Presented by Greater Boston Stage Company
Based on the novel by Louisa May Alcott
Book by Allan Knee
Lyrics by Mindi Dickstein
Music by Jason Howland
Directed & Choreographed by Ilyse Robbins
Music Direction by Matthew Stern
November 25 – December 23, 2022
Greater Boston Stage Company
Review by Kate Lew Idlebrook
Stoneham, Mass — As producers mine history for intellectual property that can be spun into gold, especially those that are in the public domain, they can sometimes lose sight of what makes a classic a classic.
Unfortunately, this was the case with Little Women: The Broadway Musical. In the original story, Luisa May Alcott created a world full of wonderfully full, relatable characters. She allowed her characters to speak for themselves and trusted her readers to hear the message. I only wish the Greater Boston Stage Company’s production of this play had the space to do the same.
This classic 19th century novel is, at its core, a story of family – the one we’re born into and the one we chosen, and this production shines in the few small moments of genuine interaction between the cast of strong actors. These are the moments when they can find those small beats of love in the original work.
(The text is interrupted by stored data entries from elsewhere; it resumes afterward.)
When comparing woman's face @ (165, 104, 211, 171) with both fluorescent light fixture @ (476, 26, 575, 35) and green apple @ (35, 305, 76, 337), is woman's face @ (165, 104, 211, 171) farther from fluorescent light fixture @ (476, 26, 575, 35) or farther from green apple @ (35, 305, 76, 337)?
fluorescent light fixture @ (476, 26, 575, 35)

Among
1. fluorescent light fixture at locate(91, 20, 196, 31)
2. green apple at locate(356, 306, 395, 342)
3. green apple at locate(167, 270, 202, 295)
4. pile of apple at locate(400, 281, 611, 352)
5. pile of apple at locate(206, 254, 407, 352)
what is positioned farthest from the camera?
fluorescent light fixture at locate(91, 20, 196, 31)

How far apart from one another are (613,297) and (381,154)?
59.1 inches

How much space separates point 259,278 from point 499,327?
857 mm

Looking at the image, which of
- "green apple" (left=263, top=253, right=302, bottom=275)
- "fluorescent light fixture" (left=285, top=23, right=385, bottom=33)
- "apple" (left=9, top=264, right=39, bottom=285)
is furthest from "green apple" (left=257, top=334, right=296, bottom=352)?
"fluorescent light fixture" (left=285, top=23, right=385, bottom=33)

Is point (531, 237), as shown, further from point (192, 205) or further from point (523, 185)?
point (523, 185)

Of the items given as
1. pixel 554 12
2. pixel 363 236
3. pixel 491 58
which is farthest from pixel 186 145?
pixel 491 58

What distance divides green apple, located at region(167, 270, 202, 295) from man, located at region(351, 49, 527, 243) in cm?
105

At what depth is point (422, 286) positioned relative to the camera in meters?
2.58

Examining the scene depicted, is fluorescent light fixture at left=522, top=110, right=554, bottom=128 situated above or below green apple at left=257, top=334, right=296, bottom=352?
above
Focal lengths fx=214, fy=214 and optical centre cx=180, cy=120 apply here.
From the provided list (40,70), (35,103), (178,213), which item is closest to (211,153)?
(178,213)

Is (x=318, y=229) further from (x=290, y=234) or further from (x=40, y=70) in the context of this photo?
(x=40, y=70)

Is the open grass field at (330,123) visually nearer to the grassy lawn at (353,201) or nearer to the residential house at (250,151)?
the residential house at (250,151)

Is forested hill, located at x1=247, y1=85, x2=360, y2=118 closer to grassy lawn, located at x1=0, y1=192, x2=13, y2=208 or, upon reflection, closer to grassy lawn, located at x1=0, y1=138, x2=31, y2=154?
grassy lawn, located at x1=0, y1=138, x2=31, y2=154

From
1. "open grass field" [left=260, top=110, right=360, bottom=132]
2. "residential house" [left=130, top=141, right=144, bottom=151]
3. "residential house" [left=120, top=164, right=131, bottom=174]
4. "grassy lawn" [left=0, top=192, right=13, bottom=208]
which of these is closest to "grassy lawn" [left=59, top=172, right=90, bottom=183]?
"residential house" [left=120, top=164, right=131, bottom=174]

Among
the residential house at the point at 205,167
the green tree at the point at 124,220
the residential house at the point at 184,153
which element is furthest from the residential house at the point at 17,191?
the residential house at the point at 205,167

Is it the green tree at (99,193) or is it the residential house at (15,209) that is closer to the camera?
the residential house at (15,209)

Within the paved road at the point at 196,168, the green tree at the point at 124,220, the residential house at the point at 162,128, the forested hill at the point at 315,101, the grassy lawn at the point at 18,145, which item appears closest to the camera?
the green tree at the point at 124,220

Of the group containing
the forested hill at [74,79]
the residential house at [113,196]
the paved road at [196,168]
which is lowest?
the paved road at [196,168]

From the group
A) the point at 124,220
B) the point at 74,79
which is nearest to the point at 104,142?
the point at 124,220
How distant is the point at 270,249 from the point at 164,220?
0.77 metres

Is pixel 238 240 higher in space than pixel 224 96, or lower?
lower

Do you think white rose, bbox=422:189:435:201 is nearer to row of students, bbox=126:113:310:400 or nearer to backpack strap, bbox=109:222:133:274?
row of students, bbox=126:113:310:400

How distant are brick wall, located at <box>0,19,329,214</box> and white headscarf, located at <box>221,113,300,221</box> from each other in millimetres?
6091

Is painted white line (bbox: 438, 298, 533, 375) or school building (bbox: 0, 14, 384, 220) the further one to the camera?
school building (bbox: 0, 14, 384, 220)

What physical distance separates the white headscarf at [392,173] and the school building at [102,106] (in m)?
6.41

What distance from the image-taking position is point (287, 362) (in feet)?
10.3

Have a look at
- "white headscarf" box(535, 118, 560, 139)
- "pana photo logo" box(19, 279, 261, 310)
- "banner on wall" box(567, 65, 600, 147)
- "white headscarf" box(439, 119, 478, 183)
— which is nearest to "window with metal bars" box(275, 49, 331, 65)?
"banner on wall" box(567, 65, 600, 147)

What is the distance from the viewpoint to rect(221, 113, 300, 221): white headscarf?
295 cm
Those beats too often are lost, however, in a production that attempts to wring as much emotion out of its audience as possible, calling to mind the warning of why one shouldn’t gild the lily. While the actors ably attempt to buy into the script and sell the over-the-top delivery demanded of them, the end result is campier than it is profound, and it leaves a theatergoer with a sense of opportunity lost.
The musical is based on the original story of the same name by Louisa May Alcott. Taking place during the Civil War, it is the tale of a mother and her four teenage daughters navigating life on their own. With their father away, the girls learn to rely on each other as they grow into women who navigate love and loss. It is a simple story that can reveal profound truths.
The production takes creative liberties with the script, condensing and changing elements to make an expansive novel, one which launched a literary universe, fit onto the stage. These cuts were made to add space for the musical numbers which are there to wow the audience.
While these changes might not bother those who are not familiar with the story, the musical numbers aren’t worth it. This may enrage the May Alcott purists and frustrate more than a few theatergoers.
The songs felt too on the nose and were over-stuffed with drama while lacking range in tone. Rather than enhancing the acting and Alcott’s characters, these songs dissipate any chemistry created by the actors onstage.
The result of the accumulation of these forced moments is that when we get to the dramatic moments we are supposed to care deeply about, we are simply not invested. With the nail-on-the-head tone of the book and lyrics, once we arrive at the emotional payoff towards the end of the show, the metaphor employed to illustrate grief and loss feels obvious and empty.
In the current Broadway climate, when there is incredible pressure to create big-budget spectacle, it is understandable that someone tried to launch a showy production of Little Women. It would have been better if the producers had done more homework on the source material and remembered that the profoundness of the work can be found in the very title of the book.